Question
Consider a simplified Social Accounting Matrix for the United States in which we consider the flow of money among three institutional agents of the economy:
Consider a simplified Social Accounting Matrix for the United States in which we consider the flow of money among three institutional agents of the economy: Households (H), Firms (F), and Government (G). Each of these agents possesses a certain amount of wealth, h, f, and g respectively. The agents pay each other at the following yearly rates:
(H) pays (F) at a rate of 50% (of h) per year (consumer spending).
(F) pays (H) at a rate of 50% (of f) per year (wages).
(H) pays (G) at a rate of 5% (of h) per year (taxes).

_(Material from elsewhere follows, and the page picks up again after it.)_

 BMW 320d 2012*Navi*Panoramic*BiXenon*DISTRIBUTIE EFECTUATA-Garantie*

(F) pays (G) at a rate of 10% (of f) per year (taxes).
(G) pays (H) at a rate of 100% (of g) per year (government wages, entitlements, and bonds).

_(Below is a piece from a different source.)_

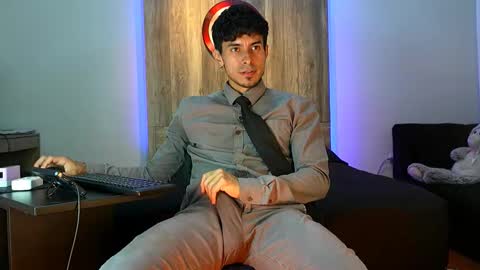 Andrew online show from November 25, 2:44 am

(G) pays (F) at a rate of 40% (of g) per year (government contracts).
Additionally, All three agents enjoy a 3% interest rate on any wealth they posses (i.e., each year h grows by 3% of h per year, f grows at a rate of 3% of f per year, and g grows at a rate of 3% of g per year)
Additionally, we consider wealth leaving the system as follows:
(G) pays interest 0.4 trillion dollars on debt to foreign governents each year.
(F) pays 0.6 trillion dollars to foreign entities in net imports.
Answer the following.
1. Use the data above to write down a system of differential equations for h, f, and g.
2. Are there any equilibria? Are they stable? 3. In the U.S., we currently have h = 82, f = 35, and g = 8 (in trillions). Which of the three should we forecast to increase and which should we forecase to decrease?
4. Solve the initial value problem using the system of ODEs from part (a) and the initial data from part (b). (You should use a calculator for computing eigenvalues.)